Technician training and certification is highly desirable, said Thomason, from a safety perspective but also because techs need to understand how natural gas differs from conventional fuels.

One of the main considerations is the highly variable quality of the natural gas, which does not have the same rigorous standards of composition as do other petroleum fuels.

In particular, natural gas can come laden with water and suffer widely varying BTU content depending on the gas utility supplying it.

Also, during compression of the gas, oil can leak into the gas, which is why coalescing filters are included in the fuel system on the vehicle.

However, for them to work satisfactorily they must be properly maintained.

Technicians should also understand that oil or water in the fuel will cause hard starting and ragged performance and that such symptoms indicate a fuel problem and not a mechanical issue within the engine.

If they see fouled spark plugs or even poisoned expensive catalytic converters (they can cost as much as $23,000) then steps have to be taken to address the quality of the fuel rather than turning to conventional diagnostic tools and fault-tree service procedures.

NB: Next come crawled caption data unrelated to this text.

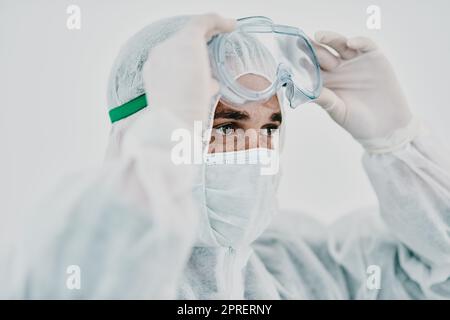 Covid, pandemic and healthcare worker wearing protective ppe to prevent virus spread at a quarantine site or hospital. Closeup of a doctor or scientist wearing a hazmat suit and goggles for safety Stock Photo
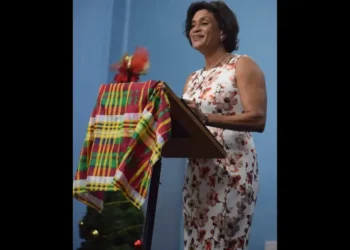 Elma Gene Isaac dies at 60 — pictured delivering an address at a public event draped in Saint Lucian madras
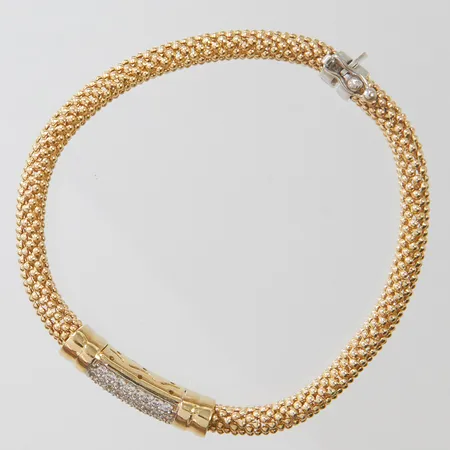 Armband genombruten med vita stenar, längd ca 18,5cm, bredd 7-9,5mm, tvåfärgad, ojämnheter, skev, 14K Vikt: 13,4 g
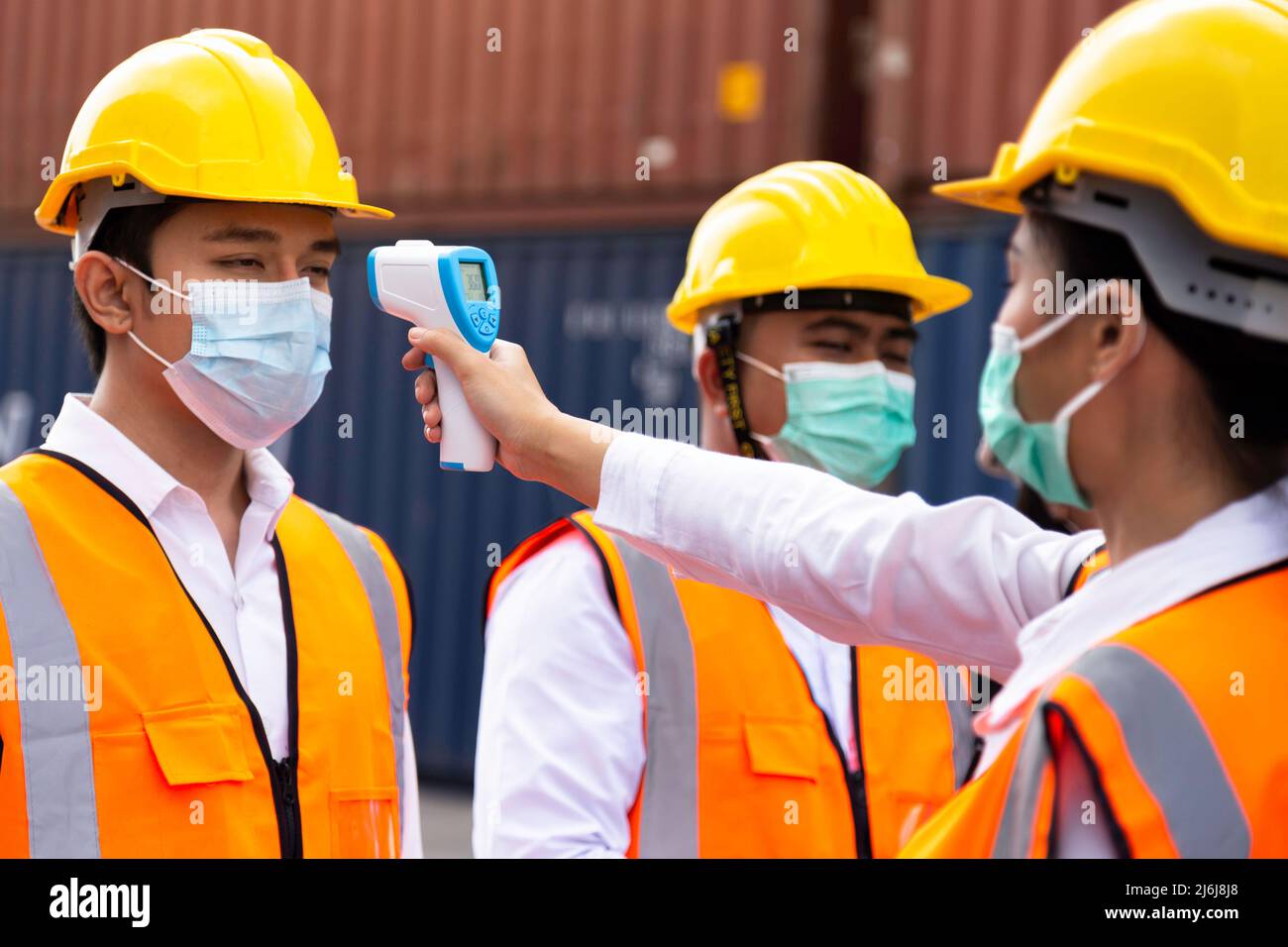 asian man workers wearing face mask checking fever by digital thermometer before entering the work for protecting from covid, covid-19 or coronavirus Stock Photo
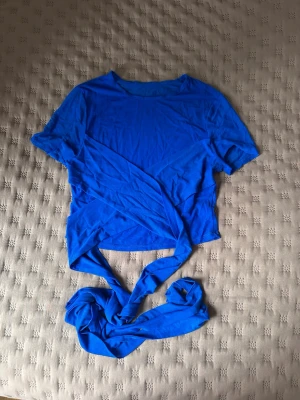 Blå mesh omlottopp med knytband - Snygg blå mesh topp med korta ärmar och långa knytband i midjan som ger en omlott-effekt. Tunt och genomskinligt material som känns lätt och luftigt. Märket är tyvärr okänd på grund av att jag klippt av lappen där även material specifikationen stod.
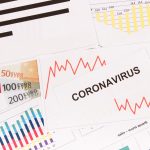 Inscription coronavirus, euro and downward graphs representing financial crisis caused by Covid-19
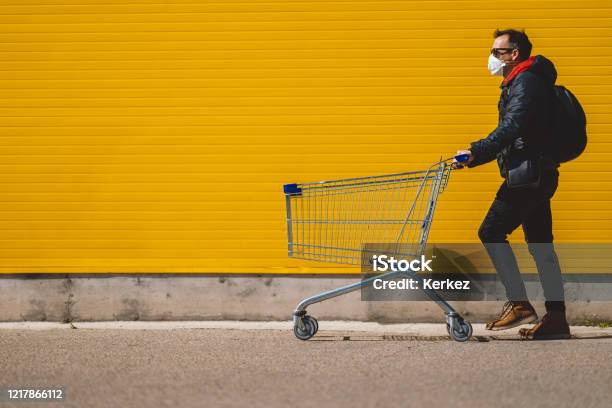 Man With With A Shopping Cart In Front Of A Store Wearing A Mask During A Coronavirus Pandemic Covid19 Stock Photo - Download Image Now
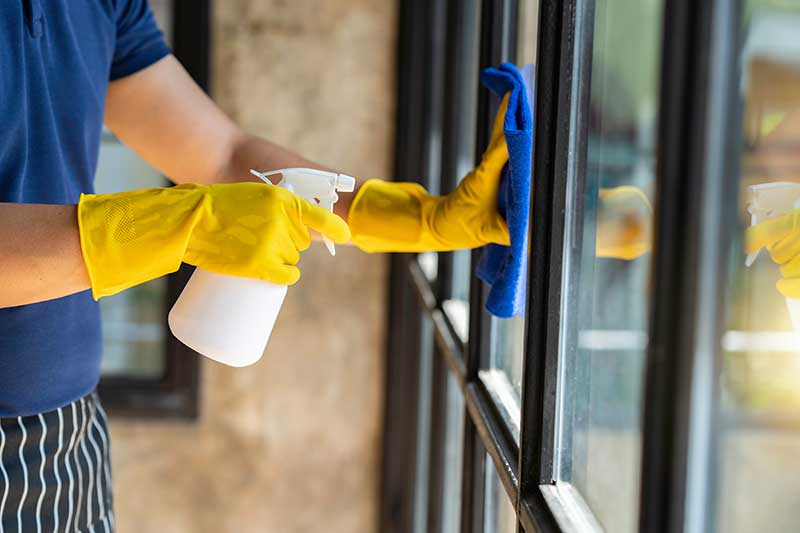 Nahaufnahme der Hand eines Restaurantmitarbeiters, die während des Ausbruchs des Virus ein Fensterglas reinigt und Desinfektionsmittel versprüht. Verwenden Sie einen Reiniger oder verwenden Sie Alkohol, um das Restaurant zu desinfizieren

The implication was made that such unforeseen events can severely impact the cost of running natural gas vehicles as well as their uptime availability.

And, should a gas-powered vehicle be in for repair, technicians must be aware of procedures to de-fuel the vehicle, whether it be to a storage tank, another vehicle or, in special circumstance, to the atmosphere.

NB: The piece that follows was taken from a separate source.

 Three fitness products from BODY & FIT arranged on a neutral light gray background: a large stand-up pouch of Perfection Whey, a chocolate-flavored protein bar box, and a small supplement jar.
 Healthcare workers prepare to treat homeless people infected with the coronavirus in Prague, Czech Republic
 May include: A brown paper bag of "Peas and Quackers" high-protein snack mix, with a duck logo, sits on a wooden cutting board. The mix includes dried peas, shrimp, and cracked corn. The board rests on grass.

Because natural gas is lighter than air, there are building constraints to be aware of that could result in a combustible mixture pooling in the roof or rafters of a building. To guard against this not only should the building have no areas where gas can collect, but a ventilation system must be provided as well. Since the requirement is for 0.75 to 1.0 cubic foot for every square foot of floor area, providing full-time ventilation 24/7 could prove very expensive.

A better alternative would be a combination ventilation system interlocked with methane detection. And methane detection is one of the industry best practices that should be considered.

Given the variable quality of the gas, the question of owning the fuelling facility often arises.

According to Thomason having on-site fuelling assures the user of quality control and gas consistency.

Also there’s a financial advantage of directly receiving rebates and tax credits for using the gaseous fuel.

The disadvantages include the significant up-front investment and the training to operate the facility safely, along with associated maintenance costs.